どっちが得か?という話は、自分がいつ死ぬかわからないなかで、生涯の合計額が高くなるためにはどっちがいいか?自分は何歳からもらうのが得なのか?という理屈だ。
そういうなかで「早く死んじゃったら損する」みたいな話が出てくるのだ。

しかし、「損する」って、誰が損するのか? どういう損なのか? 
死んじゃう自分がどんな損をするのか? 
いや、子どもなど相続を受ける人が損をするのか?
それ以前に、本当に総額が多い方が「得」なのか?

損得よりも大事なのは、入るお金と出るお金のバランスだと思う

損得というと、一般的には金額の計算だ。
しかし、総額のお金がたくさんもらえることが、果たして本当に「得」なのだろうか。

とにかくできるだけ年金をもらい、使わなくても遺産をたくさん残したい、という人はそう思うのかもしれないが、私にとって最も大事なことは、一生楽しく安心して生きて行けるかどうか、が最重要課題だ。
そのために、自分がお金を使いたいと思うものにお金が使えるかどうか、が大事だと思うのだ。

50歳前に会社を辞めた私は、厚生年金があるとはいえ、定年まで働いてきた人に比べれば明らかに少ないし、大した貯金もない。今や貯金の金利などゼロに等しいから、貯金がこれから金利で増えることはたぶんないだろう。

お金は、あればあるだけいい、たくさんあればいい、というのは、たしかにそうなんだろうけど、貯金がたくさんあるかどうかよりも、恒常的に使いたいこと(もの)にお金が使える状態かどうかの方が、私にははるかに大事な気がする。そこでポイントになるのが年金だ。年金は生きている限り恒常的にもらえるお金だから。

お金を考えるときに大事なのは、出るお金と、入ってくるお金とのバランスで、そのバランスさえとれていれば、必ずしも手元にたくさんある必要はないのだ。バランスがとれていれば、仮にたくさん貯金がなくても、そう心配することではない。
けれどもこのバランスが取れていないなら・・・。

中には、不動産収入とか、昔入った民間の年金型保険などの収入がある人もいるかもしれないが、年金以外に収入ゼロの場合は入ってくるお金は年金だけ。でもこの老齢年金は、生きている限りほぼ一定額でもらえるお金だ。
あとはどれくらい出るお金があるか。つまり何にお金を使いたいか、だ。
入るお金と出るお金のバランスで、もし出るお金の方が多いなら、貯金を取り崩していく、ということになる。

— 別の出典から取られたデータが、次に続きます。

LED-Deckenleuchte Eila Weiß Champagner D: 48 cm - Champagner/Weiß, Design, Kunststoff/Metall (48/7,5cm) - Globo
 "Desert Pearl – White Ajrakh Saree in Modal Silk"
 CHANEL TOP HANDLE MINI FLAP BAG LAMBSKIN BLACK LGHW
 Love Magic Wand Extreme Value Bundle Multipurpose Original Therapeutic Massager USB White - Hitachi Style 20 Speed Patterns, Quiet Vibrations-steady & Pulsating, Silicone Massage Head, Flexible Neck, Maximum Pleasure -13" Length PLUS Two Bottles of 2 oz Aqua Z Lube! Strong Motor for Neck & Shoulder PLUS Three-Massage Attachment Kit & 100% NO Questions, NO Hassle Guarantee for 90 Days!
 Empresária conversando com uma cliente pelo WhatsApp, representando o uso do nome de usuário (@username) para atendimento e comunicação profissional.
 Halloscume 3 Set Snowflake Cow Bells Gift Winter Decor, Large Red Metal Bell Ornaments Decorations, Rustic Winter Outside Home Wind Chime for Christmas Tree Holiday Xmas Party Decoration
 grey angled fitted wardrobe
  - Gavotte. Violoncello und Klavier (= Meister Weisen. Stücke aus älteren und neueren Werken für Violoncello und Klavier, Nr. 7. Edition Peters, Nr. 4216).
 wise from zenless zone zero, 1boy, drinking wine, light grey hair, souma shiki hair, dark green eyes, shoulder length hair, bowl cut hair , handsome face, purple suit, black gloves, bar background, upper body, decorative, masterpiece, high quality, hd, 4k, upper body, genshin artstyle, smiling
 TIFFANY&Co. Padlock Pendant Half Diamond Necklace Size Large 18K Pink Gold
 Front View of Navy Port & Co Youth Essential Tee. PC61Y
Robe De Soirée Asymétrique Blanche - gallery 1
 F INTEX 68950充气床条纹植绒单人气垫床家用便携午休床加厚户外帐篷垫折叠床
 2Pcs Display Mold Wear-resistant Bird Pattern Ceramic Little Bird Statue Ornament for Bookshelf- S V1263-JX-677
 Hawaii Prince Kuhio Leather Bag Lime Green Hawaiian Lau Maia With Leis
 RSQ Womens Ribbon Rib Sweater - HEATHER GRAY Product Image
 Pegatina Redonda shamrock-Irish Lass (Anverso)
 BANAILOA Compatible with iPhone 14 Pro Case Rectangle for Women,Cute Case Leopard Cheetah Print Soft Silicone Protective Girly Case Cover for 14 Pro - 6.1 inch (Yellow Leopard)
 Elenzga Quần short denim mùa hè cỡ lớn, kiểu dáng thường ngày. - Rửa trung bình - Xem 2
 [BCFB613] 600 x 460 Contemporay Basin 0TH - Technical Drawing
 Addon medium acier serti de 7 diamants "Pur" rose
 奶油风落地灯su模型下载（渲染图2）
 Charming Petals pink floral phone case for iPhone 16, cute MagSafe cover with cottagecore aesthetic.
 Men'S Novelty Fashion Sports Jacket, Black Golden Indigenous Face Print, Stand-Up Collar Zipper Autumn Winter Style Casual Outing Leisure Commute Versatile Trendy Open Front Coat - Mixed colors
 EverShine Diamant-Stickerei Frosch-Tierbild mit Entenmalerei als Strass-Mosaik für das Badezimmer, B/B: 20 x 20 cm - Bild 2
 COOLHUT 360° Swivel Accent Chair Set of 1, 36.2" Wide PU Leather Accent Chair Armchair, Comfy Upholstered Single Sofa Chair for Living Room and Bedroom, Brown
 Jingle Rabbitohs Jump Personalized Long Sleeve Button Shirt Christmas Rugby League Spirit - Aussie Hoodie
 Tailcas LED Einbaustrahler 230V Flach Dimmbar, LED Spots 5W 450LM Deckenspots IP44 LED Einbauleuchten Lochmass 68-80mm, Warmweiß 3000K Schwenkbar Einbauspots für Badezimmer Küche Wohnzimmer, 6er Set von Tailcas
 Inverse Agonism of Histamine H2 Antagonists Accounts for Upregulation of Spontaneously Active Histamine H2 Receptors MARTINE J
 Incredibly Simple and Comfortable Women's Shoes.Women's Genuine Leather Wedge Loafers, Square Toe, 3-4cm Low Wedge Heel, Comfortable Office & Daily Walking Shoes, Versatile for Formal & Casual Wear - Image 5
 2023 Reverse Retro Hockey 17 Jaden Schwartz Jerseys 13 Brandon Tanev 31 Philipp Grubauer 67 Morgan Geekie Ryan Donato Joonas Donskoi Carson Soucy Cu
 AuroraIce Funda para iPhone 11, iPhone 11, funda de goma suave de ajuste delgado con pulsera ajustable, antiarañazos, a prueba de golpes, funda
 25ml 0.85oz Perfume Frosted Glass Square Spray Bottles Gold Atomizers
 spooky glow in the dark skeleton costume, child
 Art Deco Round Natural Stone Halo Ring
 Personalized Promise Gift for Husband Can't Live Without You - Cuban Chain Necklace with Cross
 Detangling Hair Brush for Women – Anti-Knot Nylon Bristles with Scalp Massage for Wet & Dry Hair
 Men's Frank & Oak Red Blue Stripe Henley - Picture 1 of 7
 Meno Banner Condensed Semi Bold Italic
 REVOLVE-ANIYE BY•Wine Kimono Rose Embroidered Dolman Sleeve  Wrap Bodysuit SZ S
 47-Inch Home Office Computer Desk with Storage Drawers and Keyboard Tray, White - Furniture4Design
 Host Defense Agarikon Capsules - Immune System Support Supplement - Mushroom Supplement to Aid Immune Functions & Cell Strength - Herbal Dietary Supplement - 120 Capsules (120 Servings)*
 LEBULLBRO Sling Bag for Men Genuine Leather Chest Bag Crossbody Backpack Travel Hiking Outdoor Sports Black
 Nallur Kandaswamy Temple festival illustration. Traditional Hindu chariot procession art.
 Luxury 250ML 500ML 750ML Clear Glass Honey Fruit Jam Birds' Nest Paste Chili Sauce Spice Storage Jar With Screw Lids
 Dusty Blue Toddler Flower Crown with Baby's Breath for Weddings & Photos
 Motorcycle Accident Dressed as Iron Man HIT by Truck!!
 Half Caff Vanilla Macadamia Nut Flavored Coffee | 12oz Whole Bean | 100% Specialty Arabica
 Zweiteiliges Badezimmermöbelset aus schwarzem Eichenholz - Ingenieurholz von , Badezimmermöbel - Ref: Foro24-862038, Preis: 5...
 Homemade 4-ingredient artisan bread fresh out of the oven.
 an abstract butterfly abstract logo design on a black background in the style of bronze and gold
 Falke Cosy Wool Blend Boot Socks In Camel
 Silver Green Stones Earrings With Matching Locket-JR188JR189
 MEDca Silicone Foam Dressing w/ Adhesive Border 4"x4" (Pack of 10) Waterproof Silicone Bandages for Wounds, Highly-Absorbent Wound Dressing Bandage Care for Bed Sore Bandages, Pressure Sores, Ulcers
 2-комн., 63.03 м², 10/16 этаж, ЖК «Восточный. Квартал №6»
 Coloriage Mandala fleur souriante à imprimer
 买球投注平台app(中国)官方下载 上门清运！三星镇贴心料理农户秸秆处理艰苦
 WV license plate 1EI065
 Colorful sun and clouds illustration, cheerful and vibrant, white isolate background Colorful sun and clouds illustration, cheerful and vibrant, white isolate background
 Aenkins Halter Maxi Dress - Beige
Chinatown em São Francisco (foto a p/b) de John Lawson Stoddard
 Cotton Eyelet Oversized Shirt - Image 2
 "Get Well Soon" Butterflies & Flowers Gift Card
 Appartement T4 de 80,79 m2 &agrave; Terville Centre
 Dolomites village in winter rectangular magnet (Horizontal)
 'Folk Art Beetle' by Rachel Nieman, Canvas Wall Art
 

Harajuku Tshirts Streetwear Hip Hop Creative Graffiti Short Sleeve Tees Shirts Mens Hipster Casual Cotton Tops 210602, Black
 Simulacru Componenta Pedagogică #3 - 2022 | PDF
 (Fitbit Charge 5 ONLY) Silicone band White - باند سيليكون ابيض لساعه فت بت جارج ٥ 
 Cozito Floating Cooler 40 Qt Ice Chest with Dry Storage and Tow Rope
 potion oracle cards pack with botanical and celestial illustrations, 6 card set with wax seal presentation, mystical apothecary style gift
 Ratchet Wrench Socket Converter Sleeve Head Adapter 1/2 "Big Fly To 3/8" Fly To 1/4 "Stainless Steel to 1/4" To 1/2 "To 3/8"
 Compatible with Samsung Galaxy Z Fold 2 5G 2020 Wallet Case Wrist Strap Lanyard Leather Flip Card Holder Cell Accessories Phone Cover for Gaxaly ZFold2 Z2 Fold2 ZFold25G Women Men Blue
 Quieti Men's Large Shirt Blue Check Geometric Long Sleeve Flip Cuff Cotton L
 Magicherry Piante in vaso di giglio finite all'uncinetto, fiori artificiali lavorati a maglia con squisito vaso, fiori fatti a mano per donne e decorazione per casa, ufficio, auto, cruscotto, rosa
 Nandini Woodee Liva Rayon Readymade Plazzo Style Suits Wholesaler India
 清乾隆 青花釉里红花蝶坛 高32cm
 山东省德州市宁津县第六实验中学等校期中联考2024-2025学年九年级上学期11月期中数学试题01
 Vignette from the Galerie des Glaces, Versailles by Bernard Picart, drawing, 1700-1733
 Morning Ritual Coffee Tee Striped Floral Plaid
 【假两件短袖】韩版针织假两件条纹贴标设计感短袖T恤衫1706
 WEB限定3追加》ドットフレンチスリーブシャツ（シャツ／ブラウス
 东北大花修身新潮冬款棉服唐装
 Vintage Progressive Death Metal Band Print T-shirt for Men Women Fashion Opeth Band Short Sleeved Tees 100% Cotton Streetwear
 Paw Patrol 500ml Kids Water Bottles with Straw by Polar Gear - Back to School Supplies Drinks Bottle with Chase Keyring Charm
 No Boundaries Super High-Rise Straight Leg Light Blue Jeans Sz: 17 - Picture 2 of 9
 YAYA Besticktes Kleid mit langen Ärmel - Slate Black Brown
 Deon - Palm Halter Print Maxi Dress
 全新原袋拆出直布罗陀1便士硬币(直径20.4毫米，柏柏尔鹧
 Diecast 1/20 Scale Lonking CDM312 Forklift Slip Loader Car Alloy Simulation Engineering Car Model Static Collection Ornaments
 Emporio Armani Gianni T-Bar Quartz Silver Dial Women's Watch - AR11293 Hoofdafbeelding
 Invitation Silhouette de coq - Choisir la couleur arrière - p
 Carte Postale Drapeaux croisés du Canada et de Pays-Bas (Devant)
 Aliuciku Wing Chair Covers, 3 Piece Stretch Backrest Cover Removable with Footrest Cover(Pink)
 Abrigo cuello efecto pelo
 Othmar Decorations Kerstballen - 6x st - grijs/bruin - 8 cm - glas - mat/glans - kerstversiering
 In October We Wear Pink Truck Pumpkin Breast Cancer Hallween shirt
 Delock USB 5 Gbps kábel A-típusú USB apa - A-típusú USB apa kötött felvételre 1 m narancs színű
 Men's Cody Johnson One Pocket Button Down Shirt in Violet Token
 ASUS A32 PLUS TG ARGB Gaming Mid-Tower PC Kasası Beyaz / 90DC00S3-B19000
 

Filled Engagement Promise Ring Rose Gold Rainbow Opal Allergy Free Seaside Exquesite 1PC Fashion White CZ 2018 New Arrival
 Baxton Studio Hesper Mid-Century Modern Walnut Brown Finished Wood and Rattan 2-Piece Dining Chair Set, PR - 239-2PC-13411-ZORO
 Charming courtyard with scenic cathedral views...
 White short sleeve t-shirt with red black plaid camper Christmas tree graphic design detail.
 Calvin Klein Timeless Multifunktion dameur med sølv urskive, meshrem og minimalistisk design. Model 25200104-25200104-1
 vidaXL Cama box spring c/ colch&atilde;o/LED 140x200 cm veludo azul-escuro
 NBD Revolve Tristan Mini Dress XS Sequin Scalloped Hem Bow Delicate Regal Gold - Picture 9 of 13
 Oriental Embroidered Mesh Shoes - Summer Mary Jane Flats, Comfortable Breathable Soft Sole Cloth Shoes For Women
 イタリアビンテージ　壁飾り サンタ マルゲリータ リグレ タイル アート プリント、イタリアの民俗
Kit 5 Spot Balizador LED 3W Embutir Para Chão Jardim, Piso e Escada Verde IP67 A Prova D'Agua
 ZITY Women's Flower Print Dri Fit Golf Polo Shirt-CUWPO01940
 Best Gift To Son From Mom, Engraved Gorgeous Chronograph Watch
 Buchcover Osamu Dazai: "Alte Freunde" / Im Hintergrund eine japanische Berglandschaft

バランスをとるために、出るお金を減らす(お金の使い方を変える)のも手だし、不足分をカバーする程度に少し働くという方法もある。
若いころのようにガツガツ働かなくても、バランスをとるための不足分を補えばいいのだ。
もちろん、もし貯金が潤沢にあるなら、収支のバランスが崩れたなら、心置きなく貯金を取り崩せばいい。
しつこいようだが、要はバランスなのだ。

定年が視野に入り始めた定年女子たちから
「お金が不安」
「年金だけで暮らしていけるかどうか不安」
という声はとてもよく聞かれるけれど、自分の入るお金と出るお金をよくご存じない方が多い。
中には、自分がもらえる年金額すら知らない人も少なくない。
知らなければ、そりゃあ不安でしょう。

損得の話だと金額の計算が優先されるけど、金額の総額よりも幸せに生きていくために「得」な方がいい

どんな暮らしをしたいのか。
何にお金を使いたいのか。
もし働くならいつまで働くのか。
カラダのリズムや社会とのつながりのために、週に1日だけでいいからいくつになっても働きたいという人もいる。
カラダが元気なうちに世界を飛び回りたいという人もいる。
このように人によって、入るお金と出るお金のバランスは、全く変わってくるはずだ。
しかも、年代によっても、出るお金の内訳はきっと変わってくる。
60歳の時、70歳の時、80歳の時、90歳の時・・・
そのときの住まいや楽しみ方が、年齢とともに変わっていくに違いないから。

もともともらえる年金の額が多い人と少ない人とでは、考え方が違うかもしれない。
年金額が少ない人は、定期的に入ってくる金額を少しでも増やしたいと思う人が多いだろう。そのために受給時期を遅らせようと長く働くことで、将来の入るお金と出るお金のバランスを整えようという考え方もある。
低金利の時代で貯金よりも年金を増やした方が利率がいいから、貯金から使うと言った人もいた。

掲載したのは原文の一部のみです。